Please note: This master’s thesis presentation will take place online.
Mahbod Majid, Master’s candidate
David R. Cheriton School of Computer Science
Supervisor: Professor Gautam Kamath
We are increasingly seeing machine learning algorithms being applied to privacy sensitive data, making it increasingly more important to devise algorithms that preserve privacy. Yet, even the most fundamental high dimensional statistical estimation tasks were not well understood under differential privacy. Namely, no efficient algorithms were known for mean estimation with optimal number of samples under pure differential privacy.

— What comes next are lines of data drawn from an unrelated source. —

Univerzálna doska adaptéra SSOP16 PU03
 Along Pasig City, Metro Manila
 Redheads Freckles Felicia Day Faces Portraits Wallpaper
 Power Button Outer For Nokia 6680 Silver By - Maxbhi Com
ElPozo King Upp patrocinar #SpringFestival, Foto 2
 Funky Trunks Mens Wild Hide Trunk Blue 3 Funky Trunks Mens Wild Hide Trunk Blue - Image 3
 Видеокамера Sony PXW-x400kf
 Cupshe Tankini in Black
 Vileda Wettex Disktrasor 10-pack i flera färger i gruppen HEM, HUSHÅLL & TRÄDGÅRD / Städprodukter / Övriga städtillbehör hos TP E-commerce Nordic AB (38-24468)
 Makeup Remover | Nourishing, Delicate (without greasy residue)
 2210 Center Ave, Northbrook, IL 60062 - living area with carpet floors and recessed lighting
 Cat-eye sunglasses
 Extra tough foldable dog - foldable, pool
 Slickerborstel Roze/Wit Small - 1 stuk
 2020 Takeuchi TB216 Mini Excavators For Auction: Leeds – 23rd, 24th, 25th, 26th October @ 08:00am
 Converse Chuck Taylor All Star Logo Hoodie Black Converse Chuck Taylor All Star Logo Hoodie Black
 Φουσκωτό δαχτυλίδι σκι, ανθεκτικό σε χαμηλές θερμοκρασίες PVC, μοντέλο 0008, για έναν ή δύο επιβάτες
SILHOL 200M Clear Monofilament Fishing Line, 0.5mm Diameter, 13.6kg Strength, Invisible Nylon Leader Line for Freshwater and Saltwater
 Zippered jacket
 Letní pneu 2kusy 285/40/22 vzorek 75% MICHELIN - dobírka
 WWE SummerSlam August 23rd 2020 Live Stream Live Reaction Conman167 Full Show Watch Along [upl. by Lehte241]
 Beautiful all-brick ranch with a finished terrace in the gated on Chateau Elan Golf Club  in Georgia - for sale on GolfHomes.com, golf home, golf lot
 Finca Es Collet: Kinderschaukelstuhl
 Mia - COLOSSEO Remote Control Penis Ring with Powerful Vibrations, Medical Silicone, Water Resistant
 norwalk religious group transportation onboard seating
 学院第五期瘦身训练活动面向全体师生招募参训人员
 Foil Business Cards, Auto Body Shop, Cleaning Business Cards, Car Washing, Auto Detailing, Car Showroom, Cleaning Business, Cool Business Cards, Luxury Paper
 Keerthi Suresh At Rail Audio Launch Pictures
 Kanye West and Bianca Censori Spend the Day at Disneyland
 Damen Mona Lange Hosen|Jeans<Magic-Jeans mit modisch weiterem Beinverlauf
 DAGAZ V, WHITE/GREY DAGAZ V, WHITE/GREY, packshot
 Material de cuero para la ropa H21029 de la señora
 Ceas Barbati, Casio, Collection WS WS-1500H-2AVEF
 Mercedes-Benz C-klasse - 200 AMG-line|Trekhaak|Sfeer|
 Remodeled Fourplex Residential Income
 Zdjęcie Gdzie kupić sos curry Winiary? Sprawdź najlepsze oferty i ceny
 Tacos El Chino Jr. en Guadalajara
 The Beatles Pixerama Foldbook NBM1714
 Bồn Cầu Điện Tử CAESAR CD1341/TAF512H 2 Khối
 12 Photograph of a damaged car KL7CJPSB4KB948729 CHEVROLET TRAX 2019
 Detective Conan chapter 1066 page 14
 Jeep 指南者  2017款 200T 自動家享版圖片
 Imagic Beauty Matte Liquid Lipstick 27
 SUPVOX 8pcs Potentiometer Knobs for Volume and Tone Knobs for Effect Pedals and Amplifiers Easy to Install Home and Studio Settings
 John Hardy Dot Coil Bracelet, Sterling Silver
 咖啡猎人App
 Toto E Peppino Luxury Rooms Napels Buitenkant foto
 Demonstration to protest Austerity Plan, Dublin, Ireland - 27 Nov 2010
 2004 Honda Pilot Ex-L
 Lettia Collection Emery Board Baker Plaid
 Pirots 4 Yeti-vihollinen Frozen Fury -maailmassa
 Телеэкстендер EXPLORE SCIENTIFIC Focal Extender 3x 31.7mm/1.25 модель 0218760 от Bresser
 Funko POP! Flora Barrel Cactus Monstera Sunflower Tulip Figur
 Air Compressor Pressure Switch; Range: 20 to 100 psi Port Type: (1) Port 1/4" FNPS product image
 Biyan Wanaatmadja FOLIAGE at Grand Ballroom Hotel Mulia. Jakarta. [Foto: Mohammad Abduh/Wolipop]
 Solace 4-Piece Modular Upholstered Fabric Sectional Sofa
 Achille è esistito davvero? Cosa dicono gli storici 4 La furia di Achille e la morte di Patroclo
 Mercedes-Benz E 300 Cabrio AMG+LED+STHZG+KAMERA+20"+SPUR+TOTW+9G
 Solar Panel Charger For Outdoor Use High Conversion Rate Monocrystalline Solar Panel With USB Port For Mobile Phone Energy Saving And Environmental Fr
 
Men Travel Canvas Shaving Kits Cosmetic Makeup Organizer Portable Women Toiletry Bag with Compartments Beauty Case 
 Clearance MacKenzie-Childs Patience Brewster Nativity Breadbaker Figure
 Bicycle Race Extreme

We introduce a novel approach to design efficient private algorithm for statistical estimation tasks based on the Sum of Squares hierarchy and the exponential mechanism. The Sum of Squares hierarchy is a convex programming method that has been successfully used to design efficient algorithms in robust statistics. The exponential mechanism has been widely used in differential privacy to design information theoretically optimal algorithms, which are often inefficient. We use these two approaches combined together to obtain efficient and information theoretically optimal algorithms. We apply this approach to mean estimation and learning Gaussian distributions and demonstrate that they are optimal. We demonstrate that this approach can be applied to many other problems captured by the Sum of Squares method, through a meta-theorem. Moreover, our algorithms draw strong connections between robustness and privacy.
We also provide information theoretical lower bounds to demonstrate that our approaches are statistically optimal. Technically we use packing lower bounds, however the novelty of our lower bounds is in capturing the high probability setting.